USGS DBOR system was deployed at the CSM oil injection experiment. The system used was a modification of the system developed by the USGS for use in boreholes.
The modifications were:
The system used for well logging could not be used as is because the outer fiberglass tube, which housed the inner fiberglass tube holding the antennas, had a diameter too large to fit in the hole of the experimental sand tank. The inner tube was placed in the hole, with the motor drive section on one side and the radar pulser drive on the other. Small tables on either side of the tank were used to support the different sections. The TX and RX antennas were visually centered to be in the middle of the sand tank hole. A block diagram of the system is shown in Figure 1.
Figure 1. Block diagram of the USGS DBOR.
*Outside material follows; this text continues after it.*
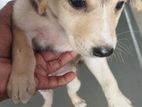 Dog for Kind Home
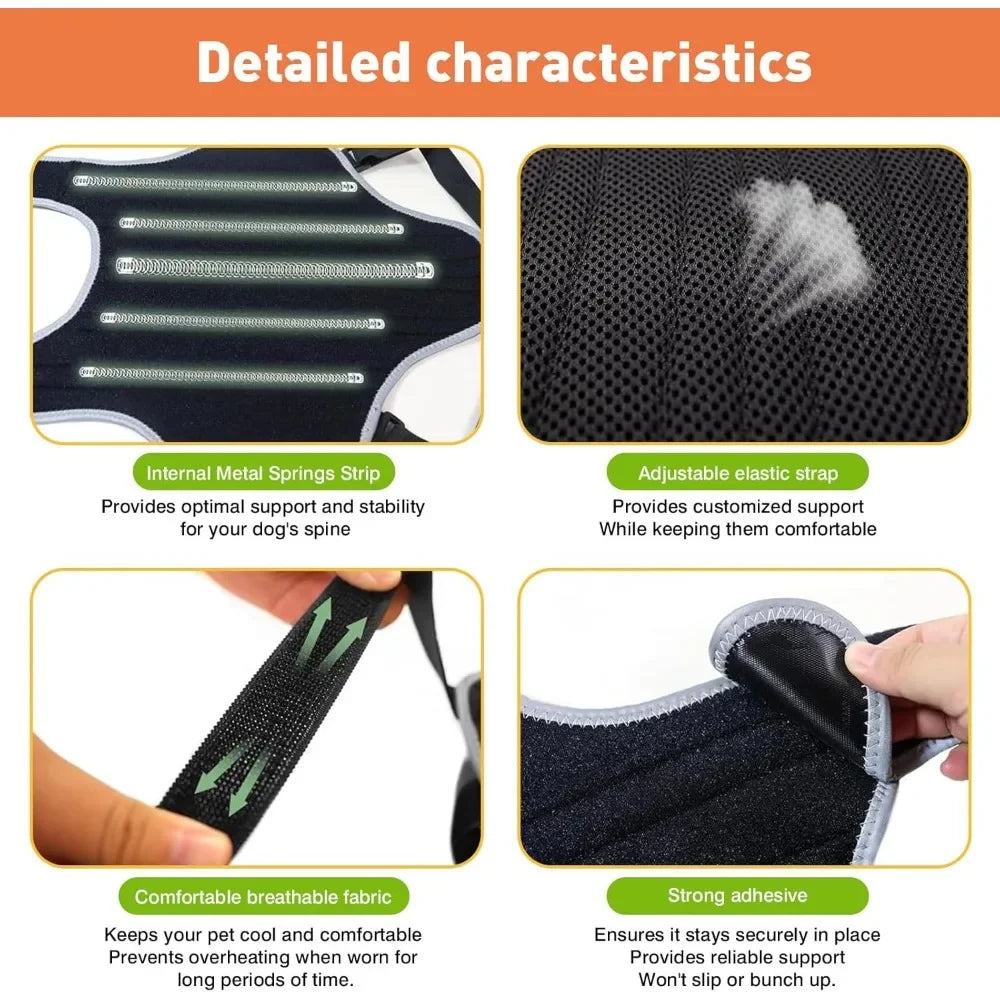 PawSpine™ Dog Back Support Brace – Full Spine & Hip Support for IVDD, Hip Dysplasia, Arthritis & Spinal Injury Recovery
The microprocessor-controlled motor/encoder in the tool positioned the antennas azimuthally. The radar signal was digitized by a 6 GHz bandwidth digital oscilloscope. A LabVIEW™ program written specifically for this system controlled tool operation, data acquisition, and real-time data display. Post-acquisition data visualization and analysis were accomplished using another program written in Research Systems Incorporated (RSI), Interactive Data Language (IDL).
Mechanical
The radar system uses identical directional cavity-backed monopole transmitting and receiving antennas that can be mechanically rotated. A geared stepper motor/encoder system in the tool provides the ability to rotate and position the paired antennas to a commanded angle, accurate to a few degrees. The paired rotating antennas are connected to their stationary pulsing and receiving electronic circuitry through rotary coaxial connectors.
Electrical and Software
The stepper motor used to rotate the antenna is controlled by a microprocessor in the tool, using an encoder for feedback of the antenna’s angular position. The microprocessor receives positioning commands from a software control program operating on a separate PC.
The radar pulses sent to the transmitting antenna are generated from a Power Spectra PGS405 device, which is triggered from a free-running clock oscillator circuit at an 20 kHz rate. The receiving antenna signal passes through a programmable attenuator and RF amplifier before being sent to the Tektronics TDS 820 sampling oscilloscope (6 GHz bandwidth), where it is averaged a user-selectable number of times. The TDS 820 is also triggered by the same signal used to trigger the PGS405. The adjustable delay on the scope is set to allow for the signal propagation delays. The TDS 820’s waveform data is sent over a GPIB interface to a PC. The PC, running a LabVIEW™ program, stores the waveform and displays it as a colorized intensity graph. The program also performs sequencing tasks during each cycle such as positioning the antenna, waiting for move confirmation, and arming the scope to acquire data.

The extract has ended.